### PROBLEM DETAILS
Using the records below, give again exactly the lines from the line that contains "Rendieren Geloof Vakantie" through the line that contains "Estele Rhodium Plated", both ends included, and only those.

[SUPPLIED DATA — start]

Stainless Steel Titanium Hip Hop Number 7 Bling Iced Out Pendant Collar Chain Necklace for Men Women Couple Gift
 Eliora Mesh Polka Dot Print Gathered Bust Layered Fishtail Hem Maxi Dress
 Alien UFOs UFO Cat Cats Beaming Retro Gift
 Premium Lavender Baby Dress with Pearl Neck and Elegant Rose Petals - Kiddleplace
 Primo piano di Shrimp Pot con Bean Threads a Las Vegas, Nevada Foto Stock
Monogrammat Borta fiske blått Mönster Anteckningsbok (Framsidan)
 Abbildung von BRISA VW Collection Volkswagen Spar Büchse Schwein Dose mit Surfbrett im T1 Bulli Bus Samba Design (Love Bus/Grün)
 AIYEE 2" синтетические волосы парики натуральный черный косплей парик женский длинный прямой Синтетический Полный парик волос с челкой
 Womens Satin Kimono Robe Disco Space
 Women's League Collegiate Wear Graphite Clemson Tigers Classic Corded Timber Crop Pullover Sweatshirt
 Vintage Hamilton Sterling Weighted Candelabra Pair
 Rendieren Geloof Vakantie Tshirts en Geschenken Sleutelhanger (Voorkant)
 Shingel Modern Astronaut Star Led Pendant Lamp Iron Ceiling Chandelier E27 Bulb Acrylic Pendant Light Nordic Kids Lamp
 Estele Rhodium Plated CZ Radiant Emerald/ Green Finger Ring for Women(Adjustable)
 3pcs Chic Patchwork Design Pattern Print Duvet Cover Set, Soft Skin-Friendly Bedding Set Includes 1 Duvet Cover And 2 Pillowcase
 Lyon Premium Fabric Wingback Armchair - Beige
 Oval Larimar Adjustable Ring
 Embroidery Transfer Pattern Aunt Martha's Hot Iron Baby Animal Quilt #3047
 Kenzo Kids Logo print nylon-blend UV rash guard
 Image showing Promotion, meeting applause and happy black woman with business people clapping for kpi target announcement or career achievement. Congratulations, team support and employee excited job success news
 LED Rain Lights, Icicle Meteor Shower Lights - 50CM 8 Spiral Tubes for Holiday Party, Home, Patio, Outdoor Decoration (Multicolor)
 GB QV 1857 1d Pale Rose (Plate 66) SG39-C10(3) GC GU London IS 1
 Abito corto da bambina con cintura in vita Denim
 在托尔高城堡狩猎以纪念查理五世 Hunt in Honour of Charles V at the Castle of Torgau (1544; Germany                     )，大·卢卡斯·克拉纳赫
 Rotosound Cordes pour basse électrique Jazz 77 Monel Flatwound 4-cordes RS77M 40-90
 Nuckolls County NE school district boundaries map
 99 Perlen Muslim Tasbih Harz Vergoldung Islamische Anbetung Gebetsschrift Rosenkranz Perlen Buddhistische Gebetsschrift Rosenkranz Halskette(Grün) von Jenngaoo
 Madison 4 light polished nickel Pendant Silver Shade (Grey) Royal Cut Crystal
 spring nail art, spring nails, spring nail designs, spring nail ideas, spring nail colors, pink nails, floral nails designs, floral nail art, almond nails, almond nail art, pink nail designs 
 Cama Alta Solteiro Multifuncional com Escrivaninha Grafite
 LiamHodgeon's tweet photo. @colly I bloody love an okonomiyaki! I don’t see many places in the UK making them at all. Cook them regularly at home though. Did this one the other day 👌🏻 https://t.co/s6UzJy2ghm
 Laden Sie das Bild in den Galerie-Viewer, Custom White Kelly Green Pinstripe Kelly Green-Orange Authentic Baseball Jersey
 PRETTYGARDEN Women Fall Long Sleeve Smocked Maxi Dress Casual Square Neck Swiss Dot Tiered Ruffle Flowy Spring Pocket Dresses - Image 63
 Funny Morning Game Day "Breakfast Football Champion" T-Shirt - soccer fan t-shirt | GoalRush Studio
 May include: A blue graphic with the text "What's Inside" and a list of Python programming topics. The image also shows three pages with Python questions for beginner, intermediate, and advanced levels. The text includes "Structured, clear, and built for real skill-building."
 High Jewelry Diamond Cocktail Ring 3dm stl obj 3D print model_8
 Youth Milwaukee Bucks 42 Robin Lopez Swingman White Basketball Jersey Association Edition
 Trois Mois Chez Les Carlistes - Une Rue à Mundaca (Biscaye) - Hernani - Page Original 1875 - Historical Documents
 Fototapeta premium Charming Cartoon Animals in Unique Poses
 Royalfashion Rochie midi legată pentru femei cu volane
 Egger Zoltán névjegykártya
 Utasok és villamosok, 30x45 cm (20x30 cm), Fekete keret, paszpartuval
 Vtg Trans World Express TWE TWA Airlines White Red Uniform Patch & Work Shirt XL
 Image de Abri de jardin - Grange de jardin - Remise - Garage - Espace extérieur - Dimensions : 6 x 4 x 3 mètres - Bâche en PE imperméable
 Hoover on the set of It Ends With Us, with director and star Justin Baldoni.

[SUPPLIED DATA — finish]

### EXERCISE ANSWER
 Rendieren Geloof Vakantie Tshirts en Geschenken Sleutelhanger (Voorkant)
 Shingel Modern Astronaut Star Led Pendant Lamp Iron Ceiling Chandelier E27 Bulb Acrylic Pendant Light Nordic Kids Lamp
 Estele Rhodium Plated CZ Radiant Emerald/ Green Finger Ring for Women(Adjustable)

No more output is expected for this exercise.